CLOSER TO our own time, there’s
the American Andres Serrano, whose 1987 photograph showing a plastic crucifix
submerged in a glass of yellow liquid described by the artist as being his own
urine provoked hate mail and death threats.
Then there’s British artist
Damien Hirst, whose most famous works feature dead animals, often dissected. A
bloody cow’s head (title: “A Thousand Years”) has a cloud of flies buzzing
around it inside the transparent enclosure, many caught by a hanging
“insecto-cutor.”
Hirst’s comprehensive exhibit at London’s Tate Modern
last year was reportedly the most-visited solo exhibition in the gallery’s
history.
OUR SHRINKING and electronic global world suffers from sensory
overload. With bloody wars and other gruesome “news” graphically flashed across
our screens 24/7, plus all manner of horrors just a computer click away, there
is, sadly, less and less that the average Westerner finds really
shocking.
Mix in the post-religious nature of Western society, where
almost anything goes, and it becomes clear that today’s artists have a problem:
How to push boundaries where so few boundaries remain? How to shock the
increasingly shock-proof 21st-century consumer? The Huffington Post’s Art &
Culture section has an answer of sorts: “For a work of art to be intensely
riveting and truly controversial… the grotesque has to be shown in a new light,
in a way that can’t be shaken off… If the image leaves your stomach reeling, it
should do the same thing to your mind.”
Art & Culture wasn’t
commenting on von Hausswolff’s artistic escapade, but the words “grotesque” and
“reeling stomach and mind” aren’t a bad way to describe the effect of his
alleged carrying off and subsequent use of burnt human remains from a site made
sacred by human suffering.
Did he do it (if indeed he did) casually and
cavalierly, or mindfully and with care? It doesn’t matter. The act itself
demonstrated an appalling lack of respect for the site of one of the most
inhumane episodes in Jewish and all history, and for those once-human beings who
rest there.
For art and artists to thrive, it is necessary for them to
disregard cultural norms.
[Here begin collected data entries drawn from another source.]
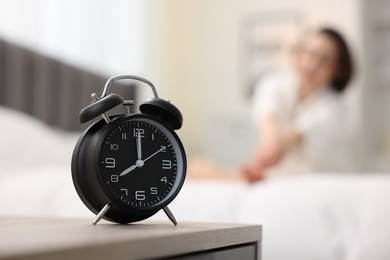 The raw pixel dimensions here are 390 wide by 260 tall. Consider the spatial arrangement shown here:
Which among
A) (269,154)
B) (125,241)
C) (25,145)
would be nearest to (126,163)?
(125,241)

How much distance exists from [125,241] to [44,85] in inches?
97.4

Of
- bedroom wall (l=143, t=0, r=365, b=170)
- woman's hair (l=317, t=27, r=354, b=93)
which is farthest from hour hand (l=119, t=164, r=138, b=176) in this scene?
bedroom wall (l=143, t=0, r=365, b=170)

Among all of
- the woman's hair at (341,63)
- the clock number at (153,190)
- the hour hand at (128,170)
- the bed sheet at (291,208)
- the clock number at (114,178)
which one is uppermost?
the woman's hair at (341,63)

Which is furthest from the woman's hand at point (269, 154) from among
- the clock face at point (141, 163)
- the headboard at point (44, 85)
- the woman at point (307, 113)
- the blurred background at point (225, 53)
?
the clock face at point (141, 163)

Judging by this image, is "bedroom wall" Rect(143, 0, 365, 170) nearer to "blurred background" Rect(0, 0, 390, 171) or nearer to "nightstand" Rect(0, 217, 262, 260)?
"blurred background" Rect(0, 0, 390, 171)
But if there are areas into which even they should not
venture, surely grave-robbing is high on the list.
It would be good, if
von Hausswolff’s guilt is proved and he is punished, for other would-be
“Holocaust artists” to take note.
RESPECT FOR the human body is paramount
in Jewish tradition, according to which we have all been created in the image
(betzelem) of the One Supreme Being.
And that body, however faintly the
divine spark glows therein, must be treated appropriately, in death no less than
in life.
Instead of desecrating those human remains at rest, von
Hausswolff would have done better to first visit the Jewish state, walk through
the halls of Yad Vashem and absorb their message, then finally scoop up a
measure of Israeli soil and leave it reverently behind him, at Majdanek.